◆ Data for the task:
════════

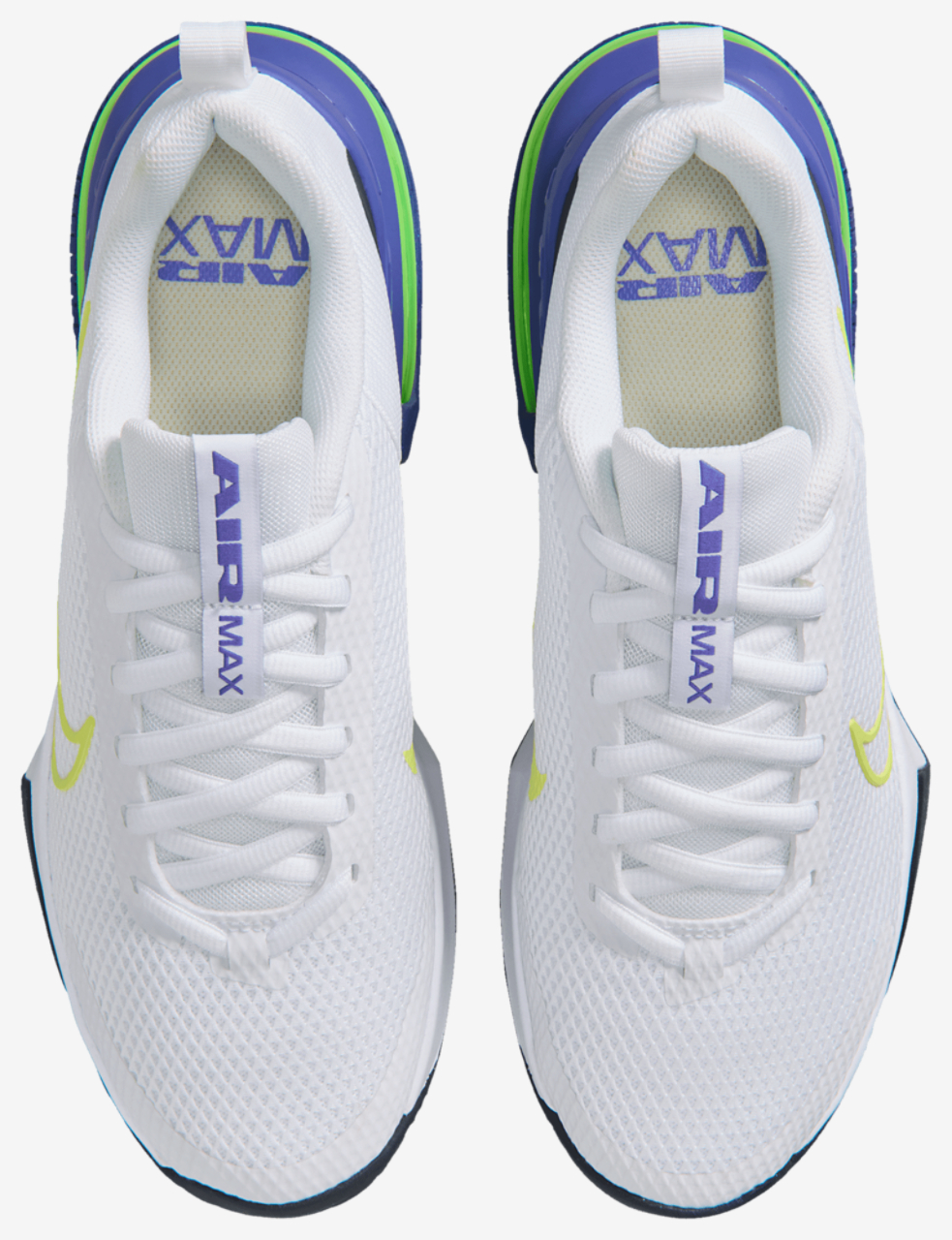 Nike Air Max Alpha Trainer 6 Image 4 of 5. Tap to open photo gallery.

════════

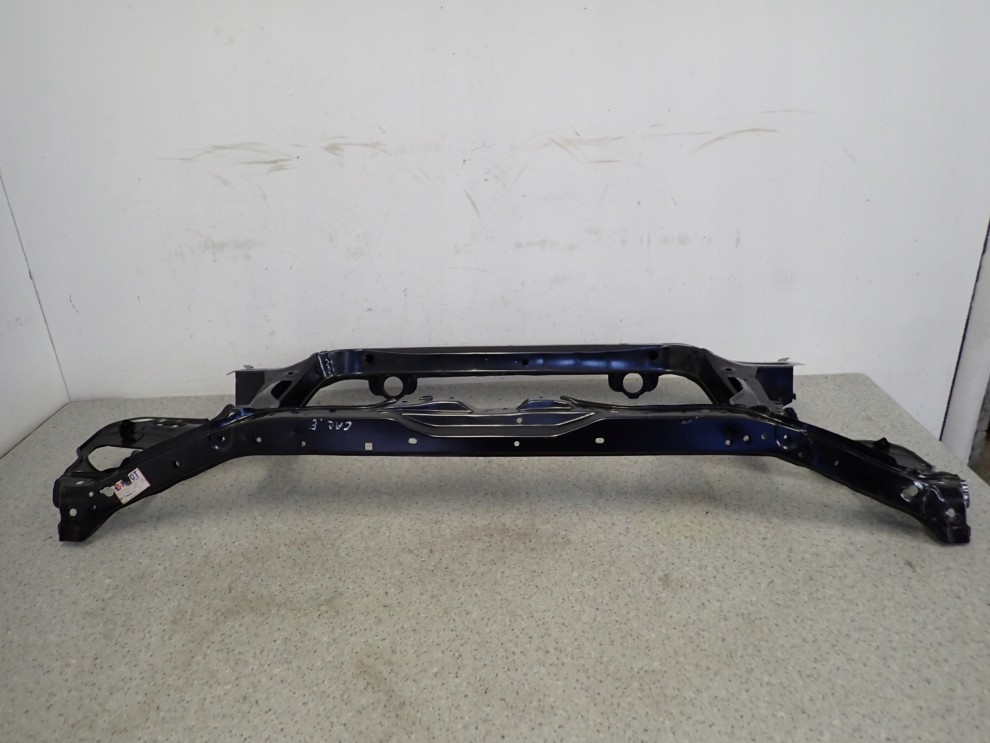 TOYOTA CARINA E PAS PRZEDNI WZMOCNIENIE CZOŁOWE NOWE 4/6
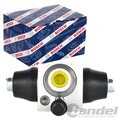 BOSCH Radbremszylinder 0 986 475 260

════════

◆ Assignment:
Each line from the one that contains "TOYOTA CARINA E" down to the one that contains "BOSCH Radbremszylinder 0 986 475 260" is to be returned exactly as it stands above, both ends included, with pictures removed.

◆ Result of the task:
 TOYOTA CARINA E PAS PRZEDNI WZMOCNIENIE CZOŁOWE NOWE 4/6
 BOSCH Radbremszylinder 0 986 475 260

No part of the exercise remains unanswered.